President Obama said a good thing yesterday. He proposed cutting taxes to small business to help spur job creation and economic growth. This is good. Very good. Here's why:
Beyond the theoretical justifications for cutting the capital gains tax, how much wealth would actually be added to the economy if we cut the current capital gains tax rate of (an average of) 15%? I estimate that every dollar of capital gains collected by the government costs the US economy approximately $6.80 in economic wealth. This is how I came up with this estimate.
For every $100 in corporate earnings, a 15% capital gains tax represents $15 that the firm could have either distributed as dividends (for a 0% net growth rate in next period’s earnings), or reinvest in the company to generate future growth (with a growth rate of 20% per year considered healthy). Most experts agree that a reasonable estimate of a sustainable annual growth rate in earnings is somewhere between these two extremes, say 5%.
I combine this 5% growth rate with a ten-year investment horizon and a discount rate of 12% per year (using the 80-year average rate of return on the S&P 500) and find that the Present Value of the annual savings of $15 in capital gains taxes is $102. So every dollar of Capital Gains protected from taxes produces approximately $6.80 ($102/$15) in new economic wealth for our economy.
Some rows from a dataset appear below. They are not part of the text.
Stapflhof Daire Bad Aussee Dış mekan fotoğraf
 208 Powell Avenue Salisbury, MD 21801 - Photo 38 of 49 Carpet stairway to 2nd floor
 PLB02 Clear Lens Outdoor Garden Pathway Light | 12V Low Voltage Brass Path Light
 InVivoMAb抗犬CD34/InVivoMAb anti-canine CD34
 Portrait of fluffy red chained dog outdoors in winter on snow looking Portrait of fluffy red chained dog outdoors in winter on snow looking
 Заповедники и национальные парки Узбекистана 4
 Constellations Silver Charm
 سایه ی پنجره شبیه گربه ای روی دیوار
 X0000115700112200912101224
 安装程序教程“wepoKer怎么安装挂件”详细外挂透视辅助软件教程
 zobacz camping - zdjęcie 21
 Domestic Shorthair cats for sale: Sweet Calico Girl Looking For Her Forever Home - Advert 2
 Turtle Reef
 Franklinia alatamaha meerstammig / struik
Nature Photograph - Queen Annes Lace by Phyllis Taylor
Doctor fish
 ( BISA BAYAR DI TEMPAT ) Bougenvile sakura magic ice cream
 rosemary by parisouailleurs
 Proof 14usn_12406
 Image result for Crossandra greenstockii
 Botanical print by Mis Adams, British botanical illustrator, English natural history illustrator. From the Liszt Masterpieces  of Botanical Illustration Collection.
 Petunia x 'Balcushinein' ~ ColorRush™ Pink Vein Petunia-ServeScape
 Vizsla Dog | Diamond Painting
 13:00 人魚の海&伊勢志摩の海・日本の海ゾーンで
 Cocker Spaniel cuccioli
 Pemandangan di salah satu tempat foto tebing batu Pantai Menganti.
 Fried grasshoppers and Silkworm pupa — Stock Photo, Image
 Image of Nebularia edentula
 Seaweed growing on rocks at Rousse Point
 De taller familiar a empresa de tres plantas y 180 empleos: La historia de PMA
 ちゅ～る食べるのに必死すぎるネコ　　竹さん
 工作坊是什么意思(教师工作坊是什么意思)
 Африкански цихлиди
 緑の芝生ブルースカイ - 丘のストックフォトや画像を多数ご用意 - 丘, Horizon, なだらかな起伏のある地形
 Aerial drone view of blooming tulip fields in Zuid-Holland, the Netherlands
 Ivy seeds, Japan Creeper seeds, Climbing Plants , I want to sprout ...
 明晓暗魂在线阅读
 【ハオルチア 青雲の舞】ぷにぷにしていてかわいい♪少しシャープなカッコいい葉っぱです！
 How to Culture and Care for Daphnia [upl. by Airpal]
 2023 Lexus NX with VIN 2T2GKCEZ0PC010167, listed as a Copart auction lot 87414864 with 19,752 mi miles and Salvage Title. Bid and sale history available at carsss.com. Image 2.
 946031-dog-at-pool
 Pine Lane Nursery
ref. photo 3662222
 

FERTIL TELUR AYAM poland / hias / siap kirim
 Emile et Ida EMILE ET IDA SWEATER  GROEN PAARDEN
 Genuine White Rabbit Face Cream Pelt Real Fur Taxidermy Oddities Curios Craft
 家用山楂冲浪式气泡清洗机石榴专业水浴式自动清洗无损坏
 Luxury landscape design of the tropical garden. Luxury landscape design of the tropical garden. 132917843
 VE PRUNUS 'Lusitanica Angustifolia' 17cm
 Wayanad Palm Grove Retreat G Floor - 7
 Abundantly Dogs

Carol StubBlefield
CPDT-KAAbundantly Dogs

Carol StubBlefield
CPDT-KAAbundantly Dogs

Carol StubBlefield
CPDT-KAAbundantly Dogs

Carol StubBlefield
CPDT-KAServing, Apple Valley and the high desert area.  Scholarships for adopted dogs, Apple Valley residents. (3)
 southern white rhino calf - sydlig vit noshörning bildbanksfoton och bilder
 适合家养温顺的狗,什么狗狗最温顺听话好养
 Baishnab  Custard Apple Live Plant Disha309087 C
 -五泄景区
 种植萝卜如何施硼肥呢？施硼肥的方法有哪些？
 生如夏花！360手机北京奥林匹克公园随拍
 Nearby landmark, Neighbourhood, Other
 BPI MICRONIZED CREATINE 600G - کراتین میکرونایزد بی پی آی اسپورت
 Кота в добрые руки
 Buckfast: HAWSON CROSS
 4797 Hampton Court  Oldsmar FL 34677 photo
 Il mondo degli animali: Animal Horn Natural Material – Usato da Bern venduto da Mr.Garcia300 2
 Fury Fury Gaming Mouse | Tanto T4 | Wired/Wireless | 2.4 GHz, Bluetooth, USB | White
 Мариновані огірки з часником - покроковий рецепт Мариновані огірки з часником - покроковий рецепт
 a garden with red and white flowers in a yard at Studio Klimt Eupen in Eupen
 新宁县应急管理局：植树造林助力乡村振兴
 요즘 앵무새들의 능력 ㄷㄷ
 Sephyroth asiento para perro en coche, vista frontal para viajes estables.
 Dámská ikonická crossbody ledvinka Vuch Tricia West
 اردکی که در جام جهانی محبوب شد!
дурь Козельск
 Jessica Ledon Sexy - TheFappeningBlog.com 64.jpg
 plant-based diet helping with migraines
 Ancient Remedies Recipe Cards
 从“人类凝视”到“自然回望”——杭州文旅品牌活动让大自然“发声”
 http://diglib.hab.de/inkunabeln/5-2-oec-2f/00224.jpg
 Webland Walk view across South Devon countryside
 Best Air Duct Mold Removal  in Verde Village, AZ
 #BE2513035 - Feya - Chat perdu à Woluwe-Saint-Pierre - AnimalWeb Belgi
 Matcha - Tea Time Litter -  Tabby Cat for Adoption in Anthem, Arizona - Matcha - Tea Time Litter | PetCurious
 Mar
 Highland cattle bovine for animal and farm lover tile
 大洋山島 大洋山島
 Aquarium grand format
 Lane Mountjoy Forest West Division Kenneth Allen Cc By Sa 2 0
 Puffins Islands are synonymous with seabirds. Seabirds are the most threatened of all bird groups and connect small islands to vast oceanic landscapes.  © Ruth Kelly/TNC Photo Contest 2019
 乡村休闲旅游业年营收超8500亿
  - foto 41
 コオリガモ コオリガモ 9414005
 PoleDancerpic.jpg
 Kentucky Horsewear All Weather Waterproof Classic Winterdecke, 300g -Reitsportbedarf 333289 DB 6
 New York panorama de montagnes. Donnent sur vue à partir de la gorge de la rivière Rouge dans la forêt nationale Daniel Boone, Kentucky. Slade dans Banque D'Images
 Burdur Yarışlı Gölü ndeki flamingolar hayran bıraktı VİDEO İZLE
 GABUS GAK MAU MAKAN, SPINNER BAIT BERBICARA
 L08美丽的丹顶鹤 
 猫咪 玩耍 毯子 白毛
This increase in economic value enables economic growth in America, while also creating more jobs for Americans as companies create more revenues to allocate to new hires and higher salaries. Every dollar that is collected by the government in capital gains taxes could have supported an additional job instead. In an economic time when the unemployment rate nears 10%, cutting the capital gains tax and increasing the production value of our economy is critically important.